My visual research into contested territories of parks and protected areas in North America explores the affective force and materiality of photography and archives. In my theorization of photography, I ask, how are photographs not only fixed as images or objects, but lively, entangled and emergent events? I pose this question within communities that engage parks, for example, through the art projects Finding Aid and Portable Camera Obscura in Waterton Lakes National Park. Together, using simple camera forms and archival photographs, we follow fleeting moments and shifting visualities to account for the fundamental impermanence of life.

A photo of Trudi Lynn Smith (taken by Lynette Hiebert) showing Smith working with a group to perfectly re-locate an archival photograph and position the Portable Camera Obscura on that spot.

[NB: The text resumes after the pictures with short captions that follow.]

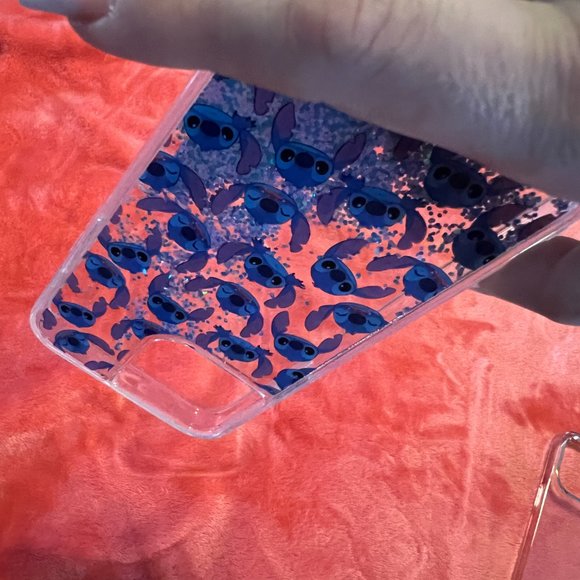 stitch iphone 13 pro max glitterfall case - Picture 2 of 2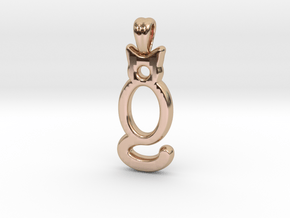 Cat ! [pendant] in 9K Rose Gold 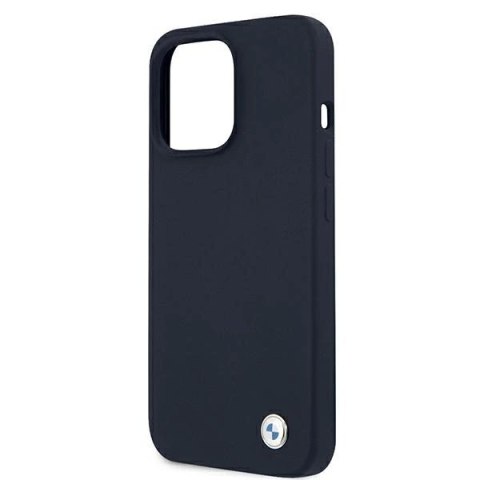 Etui BMW Silicone Signature na iPhone 13 Pro Max 6,7" - granatowe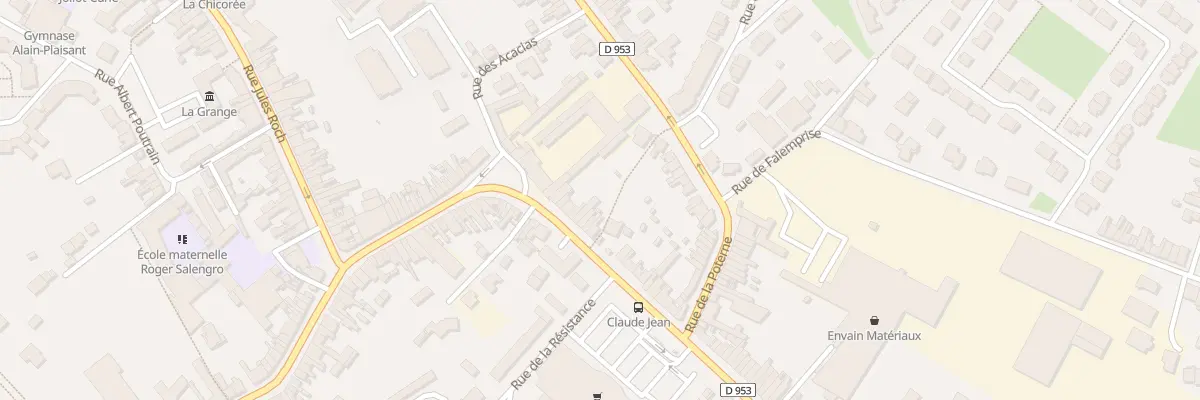 Plan du 9 Rue Claude Jean à Orchies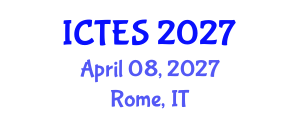 International Conference on Teaching and Education Sciences (ICTES) April 08, 2027 - Rome, Italy International Conference on Teaching and Education Sciences (ICTES) April 08, 2027 - Rome, Italy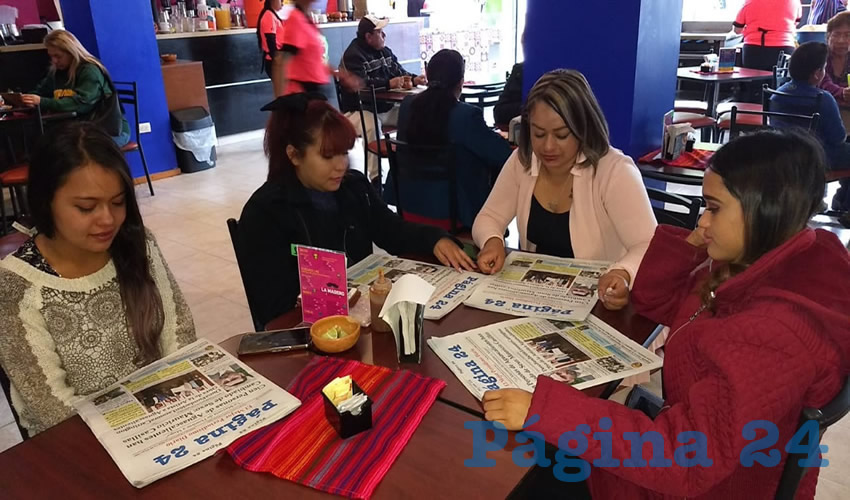 Alejaxa Juárez, Liliana Diosdado, Jose Galindo y Fátima Rivera almorzaron en el restaurante La Madero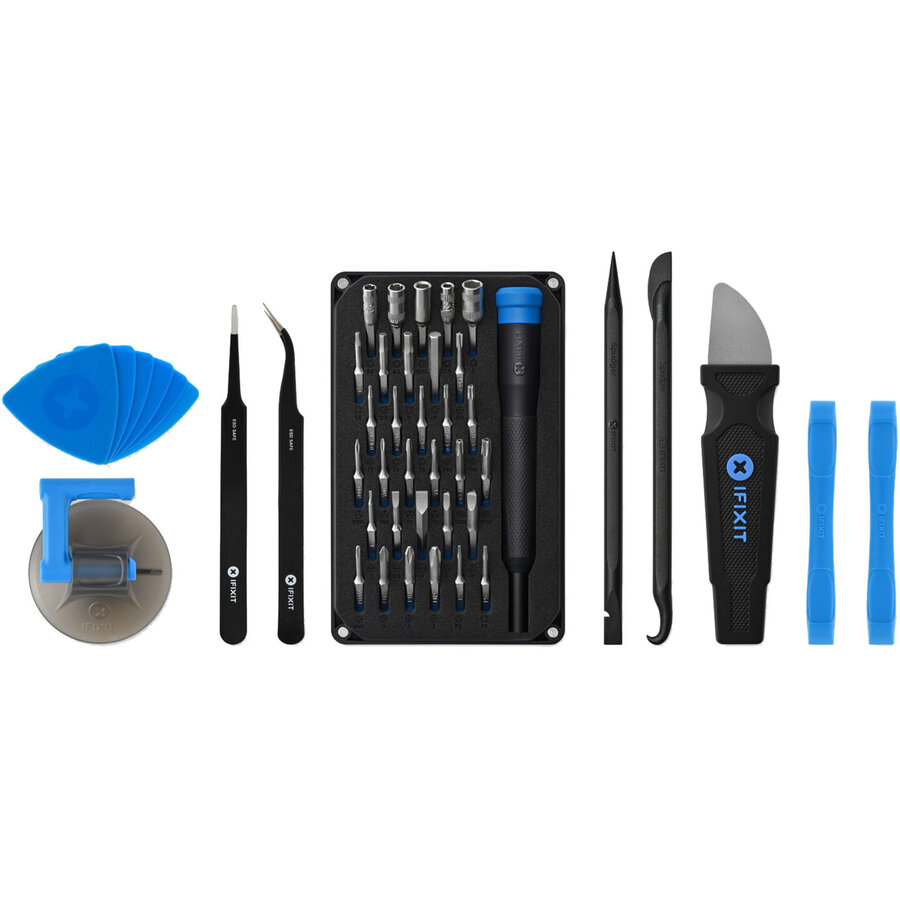 Oferte la Surubelnita Pro Tech Go Toolkit, 47-piece, tool set black/blue, for electronics repairs
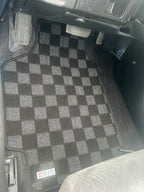P2-CPTCRX8891FRDG-TP - HONDA CIVIC CRX 1988-91 RACE FLOOR MATS : DARK GREY - View 3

In recent writing I explore the ethical and political implications of focusing on the event over the fixed image in colonial photography. In The Anthropology of Historical Photography in a Protected Area: Life and death in Waterton Lakes National Park, Alberta (2014 Anthropologica (56) 117-153) I break down colonial photographs through attempts at re-enactment to reveal their connection to life and death, injustices and inequality. In connected artworks I create new composited forms.

Some of my research and site-specific interventions are archived on trudilynnsmith.blogspot.ca


Art/anthropology intersections

I am interested in bringing together the methods of art practice and social research in my writing, presentations and artworks, for example I explore the connections between the two in my current research project Residue, and in publications such as Repeat Photography as Method in Visual Anthropology published in the journal Visual Anthropology.

I am a founding member of the curatorial collective Ethnographic Terminalia, an experimental project that since 2009, has curated exhibitions in North American cities, working with over 150 artists and anthropologists to demonstrate how contemporary artists, anthropologists, and institutions are engaging with anthropology, ethnographic methods, and art.

While much of my work is situated in events and installations outside of galleries, my work has been exhibited nationally and internationally at The Art Gallery of Greater Victoria (AGGV), The Southern Alberta Art Gallery, Crane Arts, 500x, Fifth Street, Open Space Arts Society. My place specific works have been installed in (selected): Waterton Lakes National Park (CAN), City of Rocks Natural Preserve (USA); Yellowstone NP (USA); Capitol Reef National Park (field station) (USA); Santa Cruz Island (USA).

I’m interested in connections between feminist art practice and the studio and between 2011-2017 I worked with artist Lynda Gammon to make a series of interventions — an artist book, an academic publication, a large format camera and events, called 562 Fisgard.

I currently teach in the School of Environmental Studies at UVic and am the Artist-in-Residence at Making Culture Lab, SFU.